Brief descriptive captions

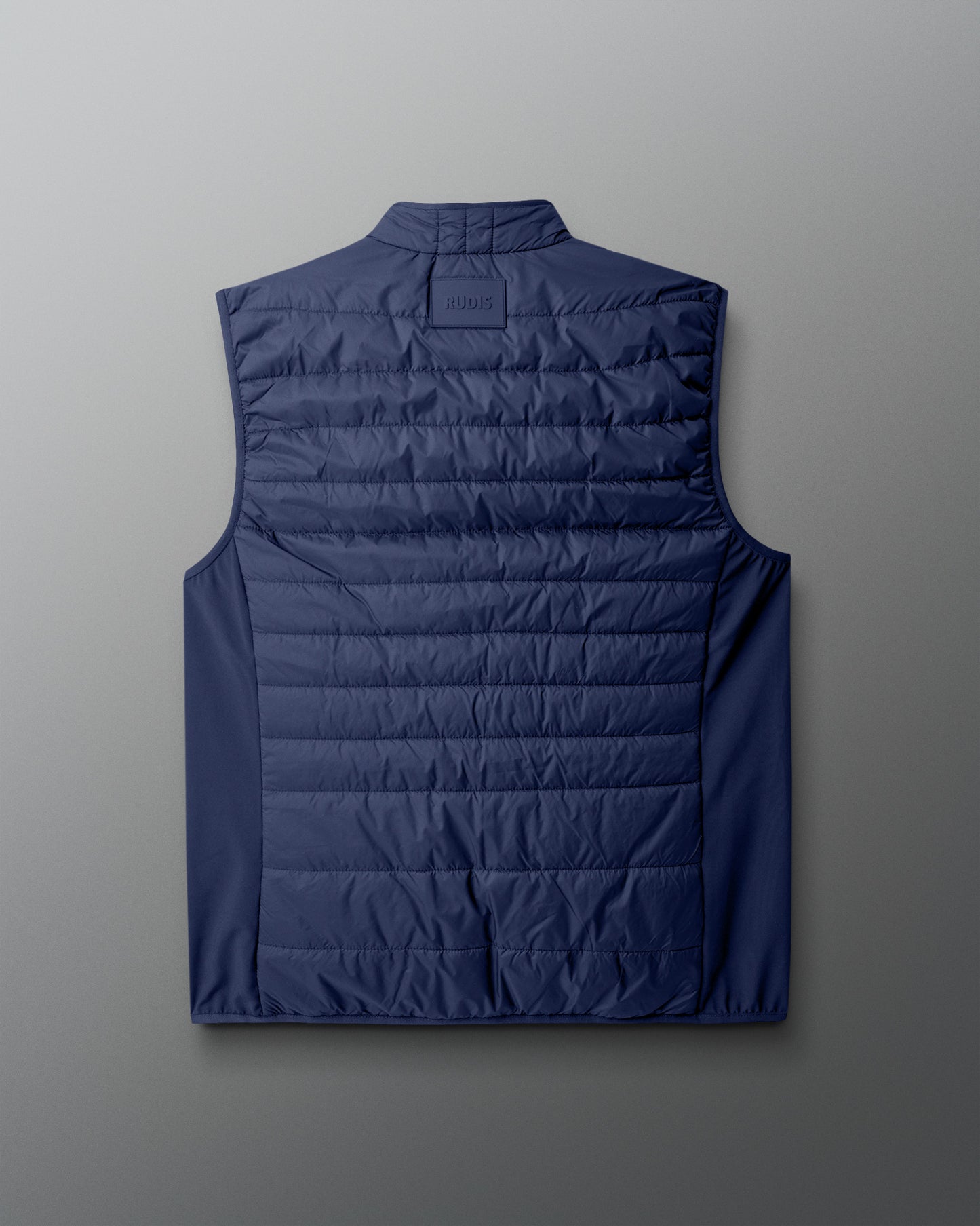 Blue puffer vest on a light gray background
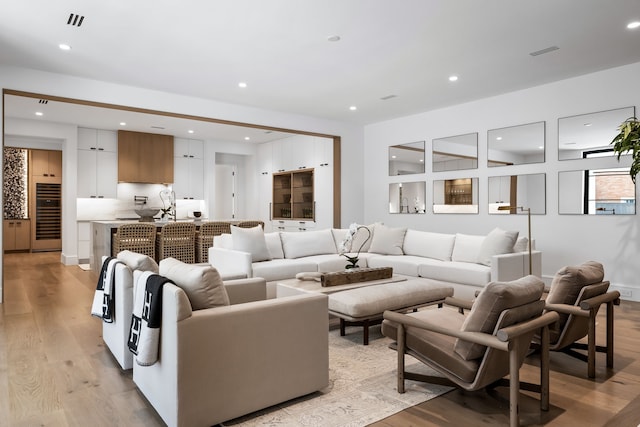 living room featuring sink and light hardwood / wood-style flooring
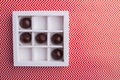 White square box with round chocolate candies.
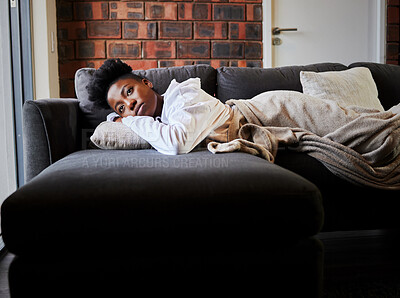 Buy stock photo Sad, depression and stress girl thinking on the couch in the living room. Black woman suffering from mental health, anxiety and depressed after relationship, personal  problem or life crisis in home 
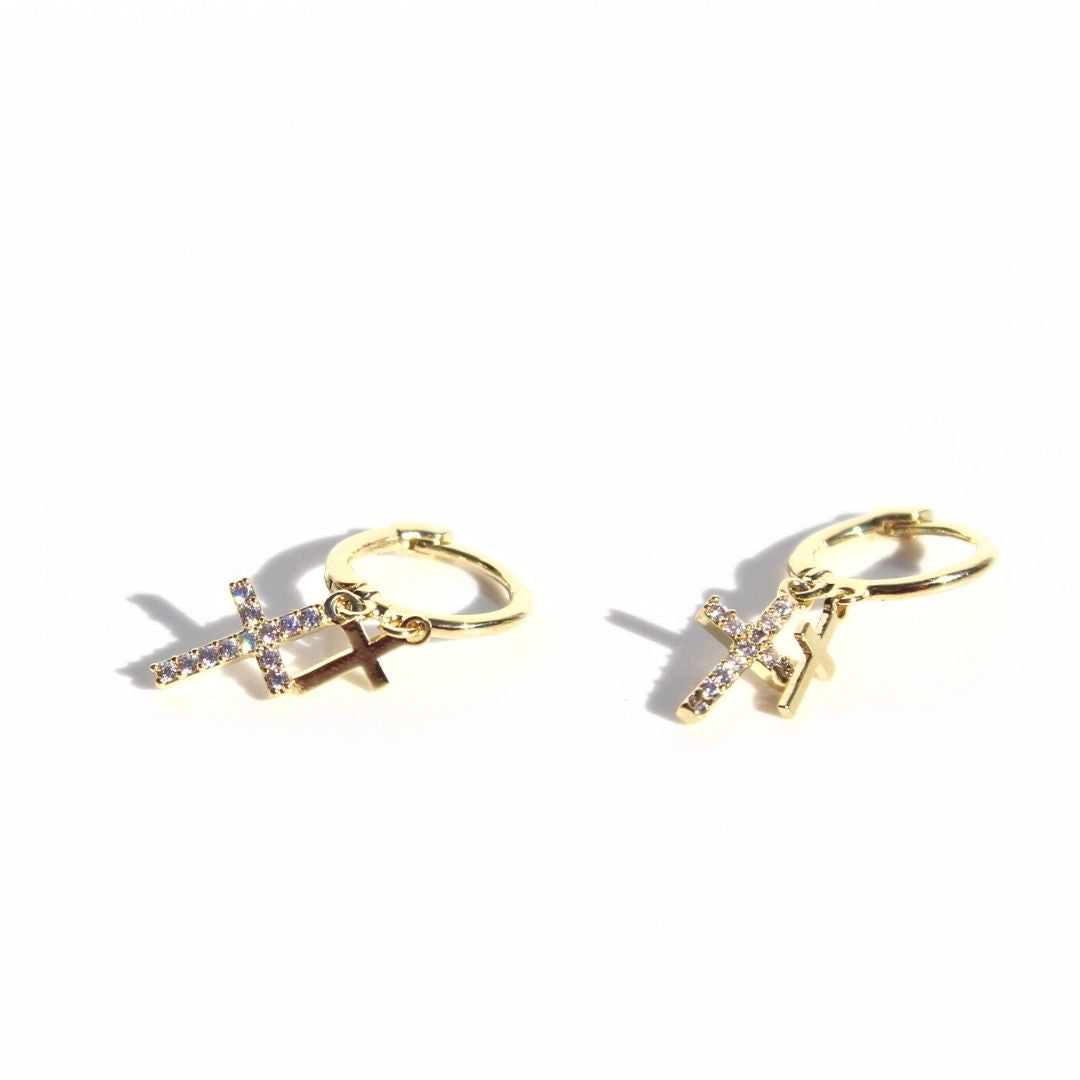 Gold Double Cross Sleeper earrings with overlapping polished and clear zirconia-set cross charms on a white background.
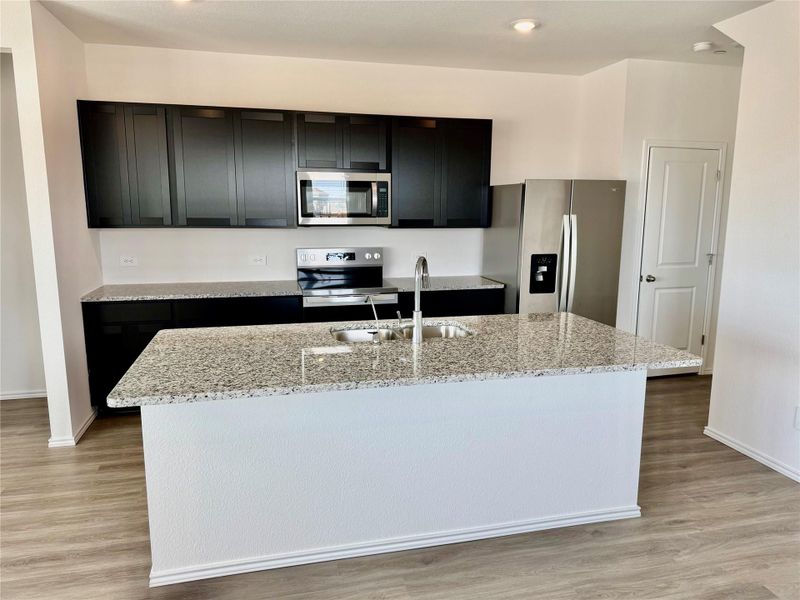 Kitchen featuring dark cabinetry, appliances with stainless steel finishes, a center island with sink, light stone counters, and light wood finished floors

* TASK DETAILS *
Could you output exactly the lines above, from the line with "living room featuring" up to and including the line with "White square box", and nothing else, skipping the pictures?

* SOLUTION TO THIS TASK *
 living room featuring sink and light hardwood / wood-style flooring
 White square box with round chocolate candies.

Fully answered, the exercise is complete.